Tag Archives: doctor

Well I’ll Be!

Although I live surrounded by neighbors, I don’t necessarily see them every day. In fact, sometimes I won’t see a single soul for maybe even a week. That’s not unusual since I’m retired and most people who live near me are younger and have jobs that keep them away during the day. And I’m the type who almost always has a project or two lined up to keep me busy, many times inside.

Since I live alone, I don’t always have someone to bounce ideas off of unless I use my phone or email, so I’ve become one of those people other people like to make fun of, because I talk to myself. Do any of you ever do that? I honestly don’t know why, but I don’t talk to myself out loud. I whisper, and only when I am alone. How strange is that?

Occasionally, when I’ve been out shopping or whatever, I’ve actually seen and heard people talking out loud to themselves, so I’m assuming I’m probably not THAT unusual, but I have no idea why I whisper. Maybe, my inner-self thinks it’s weird to talk to oneself, so if I whisper no one will notice? But if I’m alone…that doesn’t seem to make sense. I decided it wasn’t that big a deal and not serious enough to be concerned about so I just go about my activities as usual.

Often, my friends and family contact me via email, so I spend a part of each day conversing with them silently. However, my son makes it a point to phone me usually once a week or so. Most of the time these days, when my phone rings,  it’s a political ad, someone trying to sell me something, or someone trying to scam me, so if I don’t recognize the name on my Caller ID, I just ignore calls, and as a result, there may be days when I don’t speak with anyone.

I noticed the last few times my son called, my voice was hoarse and my tone was elevated and he asked if I was okay. I assured him I was fine, but started to be aware of my voice sounding differently. I also noticed I was having a little trouble swallowing and decided, since I had my annual check-up coming up, I’d run this past my doctor, just to make sure all actually was okay.

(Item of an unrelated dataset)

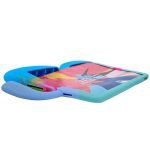 درگاه های استند پاپیتی طرح رنگین کمانی 6 / تبلت اپل iPad 10.2 / ipad Air 3 10.5 / ipad Pro 10.5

So, my appointment came and my doctor checked me over and asked if anything was different than before and I told him that I felt well except for the slight difficulty swallowing and hoarse voice. He said it was probably normal, but he’d recommend me going to see an Ears, Nose and Throat doctor, just to make sure. So long story short, I went to the ENT doctor, who did a thorough check and this is what he said, “I think you’re fine. It’s not uncommon for us, as we age, to get dry mouth, which you’ve told me you have, so my recommendation is to drink more fluids when eating. That will take care of the swallowing difficulty. And for the hoarse voice, I suggest you talk out loud to yourself during the day. That will keep your vocal cords warmed up and working for when you do need to say something to someone.”

Well I’ll be! Can you believe that? Have you ever heard of a DOCTOR prescribing talking out loud to yourself as a cure? This has become my favorite story to tell my friends. Hahahahaha!!!! Maybe those people I saw and heard talking to themselves were following their doctor’s orders!

 

Coco Ihle is the author of SHE HAD TO KNOW, an atmospheric traditional mystery set mainly in Scotland. Join her here each 11th of the month.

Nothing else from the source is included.